Week 13 – Religious Therapy Sessions 3

Oh Chaotic Dust,

Remember the last religious therapy session? You’ll lose track of how many sessions you had with the Christian counsellor, but the important parts – it’s a spiritual attack, you need to pray and chat and keep doing what you’re doing – are stuck with you. That last session is stuck with you too, because the Christian counsellor didn’t tell you to continue praying with him, or by yourself, or even with trusted friends, but with another member of the church who had been trained to pray over spiritual attacks: some form of spiritual prayer warfare or whatever that was. You don’t know, because you never went.

You never went because opening up to one person had taken everything – as it often does. It took months for you to feel comfortable sharing with that Christian counsellor and now he was ending your sessions and wanted you to open up (and open up pretty much immediately – no first few sessions of mind games and figuring out if this new person would turn you over to the police) to someone else.

He just didn’t get it.

How many others have felt like that? How many times have you felt it? You’ll feel it a lot over the years. You may always feel it, or have moments when you feel it. Moments when people talk about how they love to just sit and listen to music, or read a book, or even just lie down doing nothing. Worst of all, you will always feel it – a sharp, frustrated pang – every time someone says they’re “just a little OCD”.

No, that Christian counsellor, after you had opened up so vulnerably, didn’t get it at all. But you were numb and you were lost and you were still fighting every second of every minute of every hour of every anxious, guilt-ridden, intrusive thought-filled day, so you thanked him kindly and took the contact details of this person/group who would do a deep-cleanse prayer therapy of your soul. As you left that office you knew you would never, ever have the courage to contact them, and neither could you rely on that Christian counsellor again. You had stepped out, you had opened up, you had done the (religious) therapy, and now you were back out alone in the cold, just you and the intrusive thoughts (or demons depending on interpretation).

Would the prayer therapy have worked? Who knows? Who knows? Who knows? Years of praying and therapy and opening up to people has told you that, no, it probably wouldn’t have worked. Though perhaps the steps of opening up to more people would in itself have helped. More what ifs for the pile.

You’ll remember that walk back after your last Christian therapy session for years. You walked through bustling, sunny streets and a new feeling enveloped you with its cold grey arms. It wasn’t abandonment or loneliness. It was depression. The sun shone and the people laughed and smiled and chatted away and you felt nothing. Hopelessness engulfed you, a numbness like you’d never known before. There was no more therapy. The Christian counsellor had put the ball back in your court, and you just didn’t have it in you to pick it up. You didn’t have the strength to take that next step.

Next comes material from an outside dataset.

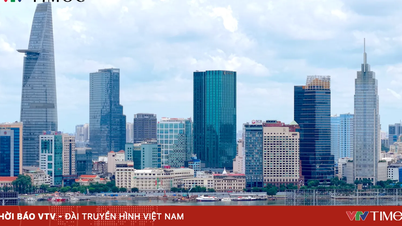 Ho Chi Minh-byen har nettopp godkjent en rekke Build-Transfer (BT)-prosjekter verdt over 185 000 milliarder VND.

When you walk with a person through similar trials you have to promise that you’ll be with them to help them take the next steps. People don’t need you to heal them or validate them or save them (you’ve tried that before and you know it doesn’t work). People need you alongside them, helping them to take the next step, and then the next one, and so on and so on and so on until they don’t need you there any more. That Christian counsellor thought you didn’t need him anymore, but you did. You did. Because of his actions you believed that the only options were now closed to you. That’s abandonment, and it was going to lead you down ever darker thought patterns.

You reached your university campus and you sat in one of the cafes and you were depressed. There’s a picture in your mind of that moment; other students swelling around you, passing by in blissful ignorance, and you sat there feeling absolutely nothing. Nothing. Nothing.